# Ambulance drivers test



## Ediron (Jan 25, 2010)

does anyone know how many questions will be on the
DMV's ambulance test?

and how many you can miss?


----------



## emtCourt31 (Jan 25, 2010)

Ediron said:


> does anyone know how many questions will be on the
> DMV's ambulance test?
> 
> and how many you can miss?


For California there was 30 questions and youre only allowed to miss 4.

AMR has the test on their website. A lot of the same questions were on the test.

It was pretty much common sense though.


----------



## TransportJockey (Jan 25, 2010)

Ediron said:


> does anyone know how many questions will be on the
> DMV's ambulance test?
> 
> and how many you can miss?


Keep in mind not everywhere requires one of them EVOC licenses. Post your location if you want accurate help


----------



## JPINFV (Jan 25, 2010)

It's another Califonria ambulance driver cert thread.


----------



## Mountain Res-Q (Jan 25, 2010)

JPINFV said:


> It's another Califonria ambulance driver cert thread.



Do you believe in Déjà vu?  :wacko:


----------



## JPINFV (Jan 25, 2010)

Déjà vu is just a change in the Matrix.


----------



## MusicMedic (Jan 26, 2010)

He's in LA county.. lol Deja Vu is a _Glitch/Trap_ in the matrix


----------



## JPINFV (Jan 26, 2010)

It's a glitch from a change in the matrix. The change in the matrix film was the setting of the trap.

[YOUTUBE]http://www.youtube.com/watch?v=z_KmNZNT5xw[/YOUTUBE]

It's dangerous to challenge my movie references.
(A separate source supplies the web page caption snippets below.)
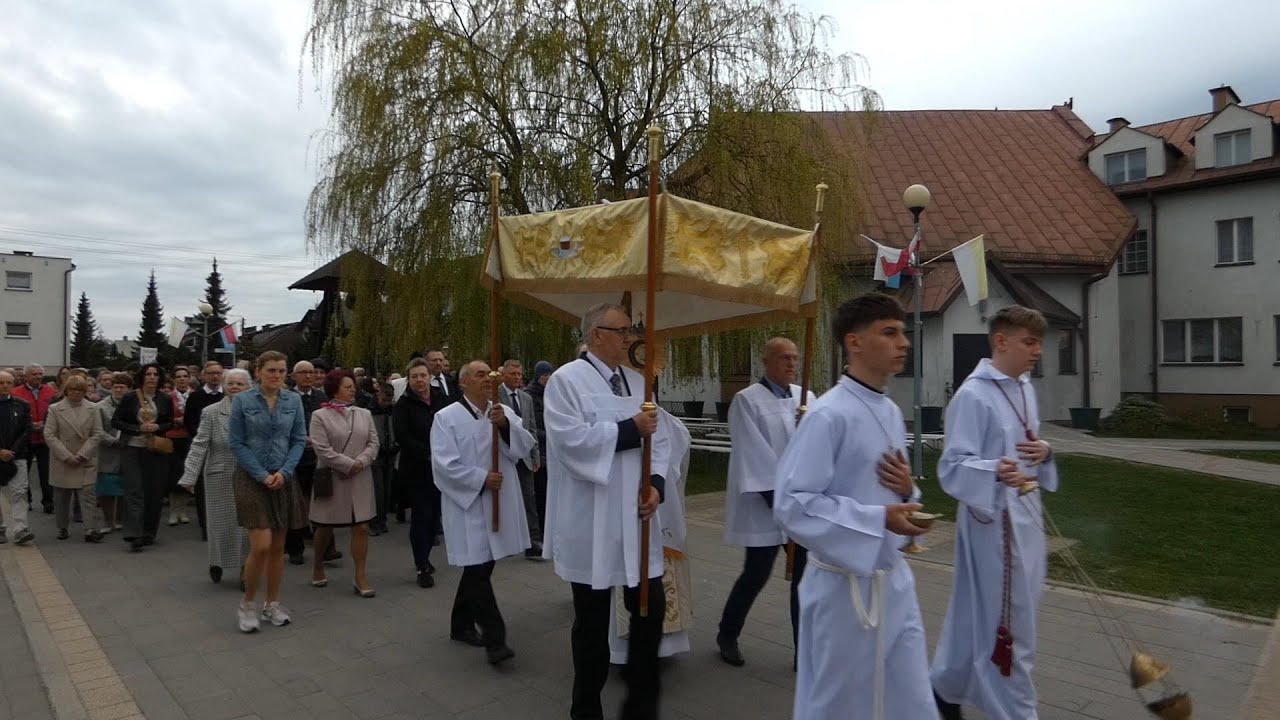 Rezurekcja – Procesja – Msza św. w intencji Parafian i Gości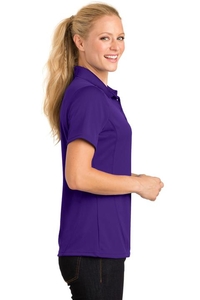 L475 - Sport-Tek Ladies Dry Zone Raglan Accent Polo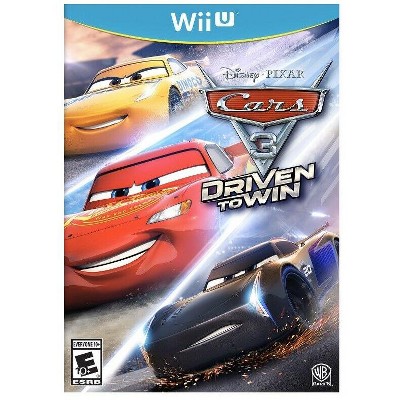 Cars 3: Driven To Win - Nintendo Wii-u : Target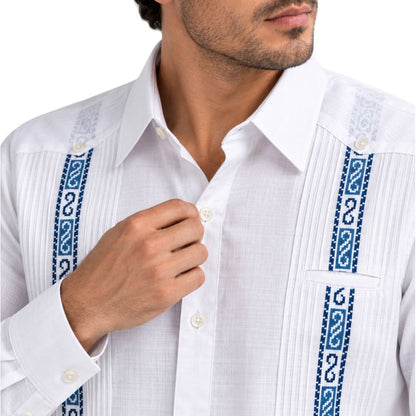 Guayabera para hombre Latyce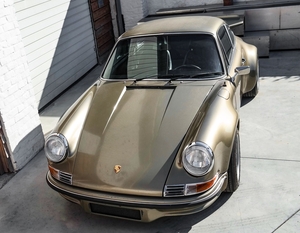John Paul Sr. Owned 1972 Porsche 911S Outlaw PTS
I'm freakishly good at random movie references.


----------



## MusicMedic (Jan 26, 2010)

haha i thought so

The Matrix is one of my Fav movies

haha but alas you win!!


----------



## Angel (Jan 26, 2010)

this post just proves that the OP is lazy...


----------



## SpringCube (Nov 17, 2013)

Dude thank you man


----------



## Emptythought (Nov 29, 2013)

Good luck


----------